Every entry must come back exactly as it was written.

(Source data)
******

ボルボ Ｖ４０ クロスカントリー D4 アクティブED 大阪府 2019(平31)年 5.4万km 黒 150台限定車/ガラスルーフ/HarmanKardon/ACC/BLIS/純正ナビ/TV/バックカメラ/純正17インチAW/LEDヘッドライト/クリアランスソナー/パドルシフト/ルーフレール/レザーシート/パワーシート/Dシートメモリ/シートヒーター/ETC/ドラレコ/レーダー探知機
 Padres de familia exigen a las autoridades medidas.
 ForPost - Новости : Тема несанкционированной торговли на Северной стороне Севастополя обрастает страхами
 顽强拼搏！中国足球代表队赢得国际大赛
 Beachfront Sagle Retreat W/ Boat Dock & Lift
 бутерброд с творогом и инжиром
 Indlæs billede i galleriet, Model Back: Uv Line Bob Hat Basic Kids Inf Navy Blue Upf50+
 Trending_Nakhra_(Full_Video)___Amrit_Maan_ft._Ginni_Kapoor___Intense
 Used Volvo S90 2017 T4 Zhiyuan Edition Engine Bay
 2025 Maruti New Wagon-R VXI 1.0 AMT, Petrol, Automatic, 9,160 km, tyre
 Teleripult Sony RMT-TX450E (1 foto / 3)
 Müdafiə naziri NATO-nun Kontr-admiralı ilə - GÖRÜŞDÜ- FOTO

******

[Response below]
ボルボ Ｖ４０ クロスカントリー D4 アクティブED 大阪府 2019(平31)年 5.4万km 黒 150台限定車/ガラスルーフ/HarmanKardon/ACC/BLIS/純正ナビ/TV/バックカメラ/純正17インチAW/LEDヘッドライト/クリアランスソナー/パドルシフト/ルーフレール/レザーシート/パワーシート/Dシートメモリ/シートヒーター/ETC/ドラレコ/レーダー探知機
 Padres de familia exigen a las autoridades medidas.
 ForPost - Новости : Тема несанкционированной торговли на Северной стороне Севастополя обрастает страхами
 顽强拼搏！中国足球代表队赢得国际大赛
 Beachfront Sagle Retreat W/ Boat Dock & Lift
 бутерброд с творогом и инжиром
 Indlæs billede i galleriet, Model Back: Uv Line Bob Hat Basic Kids Inf Navy Blue Upf50+
 Trending_Nakhra_(Full_Video)___Amrit_Maan_ft._Ginni_Kapoor___Intense
 Used Volvo S90 2017 T4 Zhiyuan Edition Engine Bay
 2025 Maruti New Wagon-R VXI 1.0 AMT, Petrol, Automatic, 9,160 km, tyre
 Teleripult Sony RMT-TX450E (1 foto / 3)
 Müdafiə naziri NATO-nun Kontr-admiralı ilə - GÖRÜŞDÜ- FOTO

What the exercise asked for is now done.